REBOL 3.0

Comments on: Solving the DIR? problem.

Carl Sassenrath, CTO
REBOL Technologies
20-Aug-2009 18:22 GMT

Article #0238
Main page || Index || Prior Article [0237] || Next Article [0239] || 16 Comments || Send feedback

I need your ideas on how best to solve the DIR? problem (bug #602).

The problem simply stated: if you specify a file name (or path) how do we determine if it is a directory.

The current algorithm is:

  1. Check if the name ends with "/" - if so, it refers to a directory.
  2. If it does not end with "/", check if the file exists, and if so, determine if it is a file or directory.

So, the algorithm mixes both the lexical check of the filename with the actual check of the local file.

There are two main problems with this:

  1. If the file name ends with "/", we just assume that it is a directory reference. However, locally a file of that name (without the /) may be present.
  2. It would be nice if the mechanism worked for URL's as well. So, when processing something like an HTTP request, we can use DIR? along the way. This is problematic if we check local storage, which in many cases is unrelated to the URL itself.

Although it would be nice to believe that there is a simple solution here, the compound behavior of the current DIR? function might cause more confusion than it's worth.

However, it would be nice to have a way to easily check file and URL paths.
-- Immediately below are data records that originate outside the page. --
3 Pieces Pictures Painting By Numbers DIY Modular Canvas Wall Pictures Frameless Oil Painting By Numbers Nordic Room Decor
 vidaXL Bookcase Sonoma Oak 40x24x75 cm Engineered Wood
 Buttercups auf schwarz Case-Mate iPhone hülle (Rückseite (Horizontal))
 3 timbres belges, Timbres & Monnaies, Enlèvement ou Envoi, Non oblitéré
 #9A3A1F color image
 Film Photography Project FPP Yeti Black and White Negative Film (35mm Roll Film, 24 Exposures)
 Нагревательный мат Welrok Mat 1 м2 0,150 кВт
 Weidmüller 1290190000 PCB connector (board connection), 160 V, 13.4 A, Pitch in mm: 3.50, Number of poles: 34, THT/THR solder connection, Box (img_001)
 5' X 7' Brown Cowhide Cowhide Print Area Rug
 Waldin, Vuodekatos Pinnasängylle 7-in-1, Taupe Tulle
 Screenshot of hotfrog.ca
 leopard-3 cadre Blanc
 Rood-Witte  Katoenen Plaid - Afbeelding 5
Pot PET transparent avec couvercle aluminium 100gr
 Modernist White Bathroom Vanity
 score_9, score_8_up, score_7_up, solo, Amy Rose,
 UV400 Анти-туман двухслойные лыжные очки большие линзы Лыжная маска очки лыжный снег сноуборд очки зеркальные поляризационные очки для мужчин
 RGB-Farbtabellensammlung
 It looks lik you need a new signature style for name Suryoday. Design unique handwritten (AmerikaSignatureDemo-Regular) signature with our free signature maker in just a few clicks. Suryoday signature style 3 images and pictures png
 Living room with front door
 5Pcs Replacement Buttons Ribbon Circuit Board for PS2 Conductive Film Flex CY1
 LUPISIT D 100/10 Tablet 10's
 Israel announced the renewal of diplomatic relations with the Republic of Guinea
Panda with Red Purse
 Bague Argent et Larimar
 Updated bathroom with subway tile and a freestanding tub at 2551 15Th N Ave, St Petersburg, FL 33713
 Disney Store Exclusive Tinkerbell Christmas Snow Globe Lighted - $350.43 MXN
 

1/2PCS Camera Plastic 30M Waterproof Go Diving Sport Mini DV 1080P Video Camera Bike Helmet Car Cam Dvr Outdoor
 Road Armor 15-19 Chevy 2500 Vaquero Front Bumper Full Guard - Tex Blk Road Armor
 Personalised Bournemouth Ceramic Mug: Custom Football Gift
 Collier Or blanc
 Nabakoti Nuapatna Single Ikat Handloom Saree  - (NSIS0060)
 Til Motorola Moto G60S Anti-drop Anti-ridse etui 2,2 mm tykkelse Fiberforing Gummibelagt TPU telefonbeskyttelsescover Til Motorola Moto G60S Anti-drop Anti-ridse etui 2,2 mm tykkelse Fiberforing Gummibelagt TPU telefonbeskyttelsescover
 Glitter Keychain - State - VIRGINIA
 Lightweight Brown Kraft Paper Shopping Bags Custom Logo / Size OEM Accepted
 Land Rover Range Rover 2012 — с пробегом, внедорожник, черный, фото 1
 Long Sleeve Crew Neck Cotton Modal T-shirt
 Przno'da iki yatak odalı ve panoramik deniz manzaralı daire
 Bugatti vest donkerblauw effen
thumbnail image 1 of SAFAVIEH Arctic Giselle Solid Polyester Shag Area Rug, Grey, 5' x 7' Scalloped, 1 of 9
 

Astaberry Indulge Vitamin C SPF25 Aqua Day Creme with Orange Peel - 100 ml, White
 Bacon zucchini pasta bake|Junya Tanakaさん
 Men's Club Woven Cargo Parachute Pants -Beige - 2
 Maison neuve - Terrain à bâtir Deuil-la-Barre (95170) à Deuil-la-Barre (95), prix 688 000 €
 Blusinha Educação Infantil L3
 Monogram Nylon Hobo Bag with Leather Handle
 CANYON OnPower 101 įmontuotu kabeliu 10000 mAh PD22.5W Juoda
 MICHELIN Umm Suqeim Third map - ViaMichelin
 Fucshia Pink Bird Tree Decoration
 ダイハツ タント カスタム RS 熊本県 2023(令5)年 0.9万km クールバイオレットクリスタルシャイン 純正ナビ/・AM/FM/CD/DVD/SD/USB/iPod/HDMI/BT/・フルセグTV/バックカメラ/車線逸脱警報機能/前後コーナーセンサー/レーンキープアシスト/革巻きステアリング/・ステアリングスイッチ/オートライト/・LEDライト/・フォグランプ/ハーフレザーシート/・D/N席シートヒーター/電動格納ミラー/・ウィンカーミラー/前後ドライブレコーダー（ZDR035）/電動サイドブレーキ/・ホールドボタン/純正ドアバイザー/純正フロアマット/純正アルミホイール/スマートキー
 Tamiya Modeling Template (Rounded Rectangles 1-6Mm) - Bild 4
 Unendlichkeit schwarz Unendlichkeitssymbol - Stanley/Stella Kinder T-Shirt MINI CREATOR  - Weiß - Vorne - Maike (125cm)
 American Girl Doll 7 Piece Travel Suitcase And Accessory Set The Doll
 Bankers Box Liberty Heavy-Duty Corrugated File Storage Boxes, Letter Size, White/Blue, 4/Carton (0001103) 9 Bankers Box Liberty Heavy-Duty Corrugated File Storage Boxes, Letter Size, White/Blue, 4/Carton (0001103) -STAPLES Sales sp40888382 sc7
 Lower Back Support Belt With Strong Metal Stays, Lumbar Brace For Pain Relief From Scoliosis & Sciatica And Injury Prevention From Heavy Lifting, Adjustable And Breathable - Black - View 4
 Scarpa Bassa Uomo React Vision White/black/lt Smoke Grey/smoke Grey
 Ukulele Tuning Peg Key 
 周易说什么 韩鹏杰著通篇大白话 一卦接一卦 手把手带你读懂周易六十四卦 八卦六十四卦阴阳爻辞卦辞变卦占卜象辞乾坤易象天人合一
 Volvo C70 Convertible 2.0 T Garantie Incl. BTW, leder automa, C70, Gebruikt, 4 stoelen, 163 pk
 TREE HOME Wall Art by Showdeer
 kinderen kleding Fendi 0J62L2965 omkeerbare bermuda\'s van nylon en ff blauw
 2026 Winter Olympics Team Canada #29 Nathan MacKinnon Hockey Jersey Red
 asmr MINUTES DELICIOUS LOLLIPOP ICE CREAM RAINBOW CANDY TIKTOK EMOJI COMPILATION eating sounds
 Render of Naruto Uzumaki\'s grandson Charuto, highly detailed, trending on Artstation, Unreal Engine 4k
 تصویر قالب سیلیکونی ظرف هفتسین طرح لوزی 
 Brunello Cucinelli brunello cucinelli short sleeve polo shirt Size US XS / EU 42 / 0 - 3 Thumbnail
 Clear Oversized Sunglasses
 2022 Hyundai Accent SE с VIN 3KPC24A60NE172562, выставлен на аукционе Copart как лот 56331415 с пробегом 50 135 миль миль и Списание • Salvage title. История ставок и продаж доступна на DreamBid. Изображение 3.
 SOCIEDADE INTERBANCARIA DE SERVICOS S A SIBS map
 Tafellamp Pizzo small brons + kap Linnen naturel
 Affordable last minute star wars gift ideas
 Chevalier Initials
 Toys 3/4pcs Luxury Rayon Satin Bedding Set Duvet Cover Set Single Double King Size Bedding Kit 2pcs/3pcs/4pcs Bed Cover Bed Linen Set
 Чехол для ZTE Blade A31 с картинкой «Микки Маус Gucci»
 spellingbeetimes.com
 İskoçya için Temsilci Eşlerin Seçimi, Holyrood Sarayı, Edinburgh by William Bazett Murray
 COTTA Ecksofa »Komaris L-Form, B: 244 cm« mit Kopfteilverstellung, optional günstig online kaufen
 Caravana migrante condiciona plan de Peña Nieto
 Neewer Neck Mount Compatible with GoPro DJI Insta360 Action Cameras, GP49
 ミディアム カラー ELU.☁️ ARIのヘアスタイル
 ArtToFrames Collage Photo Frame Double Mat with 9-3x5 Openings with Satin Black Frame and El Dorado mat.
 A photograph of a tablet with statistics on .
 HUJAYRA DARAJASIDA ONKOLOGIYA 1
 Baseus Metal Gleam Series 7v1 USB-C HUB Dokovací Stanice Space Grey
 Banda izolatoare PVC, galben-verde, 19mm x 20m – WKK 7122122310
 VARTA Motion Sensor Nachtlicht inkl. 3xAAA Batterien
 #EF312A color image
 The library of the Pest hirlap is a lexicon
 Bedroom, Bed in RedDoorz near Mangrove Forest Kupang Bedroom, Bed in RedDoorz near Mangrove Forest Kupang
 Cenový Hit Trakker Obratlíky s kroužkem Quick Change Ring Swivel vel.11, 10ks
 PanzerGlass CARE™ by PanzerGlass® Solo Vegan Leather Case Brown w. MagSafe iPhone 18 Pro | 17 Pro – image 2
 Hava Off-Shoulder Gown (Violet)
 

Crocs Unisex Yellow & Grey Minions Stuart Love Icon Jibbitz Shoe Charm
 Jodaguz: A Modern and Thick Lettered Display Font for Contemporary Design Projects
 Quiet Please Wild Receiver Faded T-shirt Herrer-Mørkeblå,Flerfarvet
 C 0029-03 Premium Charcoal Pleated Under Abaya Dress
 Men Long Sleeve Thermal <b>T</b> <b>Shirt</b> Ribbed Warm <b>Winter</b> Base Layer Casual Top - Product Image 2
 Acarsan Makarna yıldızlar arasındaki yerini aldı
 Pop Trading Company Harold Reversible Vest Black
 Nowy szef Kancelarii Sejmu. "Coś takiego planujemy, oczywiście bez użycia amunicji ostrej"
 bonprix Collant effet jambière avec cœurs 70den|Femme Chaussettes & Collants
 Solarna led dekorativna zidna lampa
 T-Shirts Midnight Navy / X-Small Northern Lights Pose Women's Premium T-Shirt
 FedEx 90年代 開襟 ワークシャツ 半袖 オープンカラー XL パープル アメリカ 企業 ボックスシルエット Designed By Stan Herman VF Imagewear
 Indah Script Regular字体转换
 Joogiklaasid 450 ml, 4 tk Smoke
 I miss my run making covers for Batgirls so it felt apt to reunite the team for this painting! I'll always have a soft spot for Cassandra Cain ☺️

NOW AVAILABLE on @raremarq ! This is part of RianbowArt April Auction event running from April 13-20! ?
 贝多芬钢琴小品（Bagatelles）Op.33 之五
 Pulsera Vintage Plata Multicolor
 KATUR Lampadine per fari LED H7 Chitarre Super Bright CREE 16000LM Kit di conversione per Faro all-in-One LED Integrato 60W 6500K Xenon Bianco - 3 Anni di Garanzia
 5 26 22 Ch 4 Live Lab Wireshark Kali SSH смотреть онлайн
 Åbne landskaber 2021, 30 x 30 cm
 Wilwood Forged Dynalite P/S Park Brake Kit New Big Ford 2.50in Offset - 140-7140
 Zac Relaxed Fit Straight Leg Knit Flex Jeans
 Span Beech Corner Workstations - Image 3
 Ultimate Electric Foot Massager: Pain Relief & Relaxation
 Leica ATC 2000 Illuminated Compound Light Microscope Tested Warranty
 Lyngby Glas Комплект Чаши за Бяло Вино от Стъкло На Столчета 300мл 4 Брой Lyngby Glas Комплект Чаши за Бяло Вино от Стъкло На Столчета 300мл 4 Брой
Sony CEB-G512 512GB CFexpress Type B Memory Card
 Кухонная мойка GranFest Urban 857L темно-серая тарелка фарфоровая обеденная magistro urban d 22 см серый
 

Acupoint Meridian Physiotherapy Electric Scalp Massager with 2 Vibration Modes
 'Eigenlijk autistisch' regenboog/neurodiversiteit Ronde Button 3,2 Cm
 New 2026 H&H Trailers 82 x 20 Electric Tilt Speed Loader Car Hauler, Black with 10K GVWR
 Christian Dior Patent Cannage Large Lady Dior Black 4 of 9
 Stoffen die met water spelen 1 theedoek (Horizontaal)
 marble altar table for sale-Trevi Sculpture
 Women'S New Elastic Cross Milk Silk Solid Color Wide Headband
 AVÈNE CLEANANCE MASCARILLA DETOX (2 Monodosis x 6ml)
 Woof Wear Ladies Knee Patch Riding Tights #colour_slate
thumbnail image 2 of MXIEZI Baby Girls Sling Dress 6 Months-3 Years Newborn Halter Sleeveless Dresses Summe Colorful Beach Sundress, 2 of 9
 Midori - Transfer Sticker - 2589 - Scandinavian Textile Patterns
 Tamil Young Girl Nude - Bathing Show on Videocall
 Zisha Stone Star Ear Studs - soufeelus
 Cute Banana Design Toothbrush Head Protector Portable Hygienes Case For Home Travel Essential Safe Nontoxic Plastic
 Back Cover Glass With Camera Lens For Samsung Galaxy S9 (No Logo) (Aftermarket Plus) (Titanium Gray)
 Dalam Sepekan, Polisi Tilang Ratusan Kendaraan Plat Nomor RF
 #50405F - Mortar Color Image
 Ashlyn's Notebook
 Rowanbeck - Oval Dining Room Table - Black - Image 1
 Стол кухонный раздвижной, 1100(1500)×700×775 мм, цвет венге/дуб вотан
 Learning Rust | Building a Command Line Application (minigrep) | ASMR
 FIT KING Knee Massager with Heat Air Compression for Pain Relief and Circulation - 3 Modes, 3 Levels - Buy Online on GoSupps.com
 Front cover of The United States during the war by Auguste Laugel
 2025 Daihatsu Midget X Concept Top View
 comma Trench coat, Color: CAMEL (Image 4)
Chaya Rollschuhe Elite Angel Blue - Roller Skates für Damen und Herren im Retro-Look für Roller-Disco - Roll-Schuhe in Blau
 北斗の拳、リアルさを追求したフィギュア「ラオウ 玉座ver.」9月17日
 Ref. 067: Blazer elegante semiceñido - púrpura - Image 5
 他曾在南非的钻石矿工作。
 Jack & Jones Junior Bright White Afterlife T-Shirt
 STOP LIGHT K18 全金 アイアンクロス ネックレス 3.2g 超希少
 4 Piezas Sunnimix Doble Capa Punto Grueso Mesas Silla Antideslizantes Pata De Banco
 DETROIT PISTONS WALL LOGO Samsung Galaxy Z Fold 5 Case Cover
I often write:

if #"/" = last file-path [...]

and I'd prefer to write something a lot more clear, perhaps:

if dir-name? file-path [...]

or:

if is-dir? file-path [...]

Please let me know your comments soon. I realize it's still summer vacation, but dust that sand off your keyboard and post a comment.

16 Comments

Comments:

Ben
20-Aug-2009 16:22:59
I suppose I can start:

Seems like four different checks are being performed and its not currently clear which one.

1,2. string-check: does the {%file/path/string} refer to a file or directory? i.e. what did the programmer/user mean?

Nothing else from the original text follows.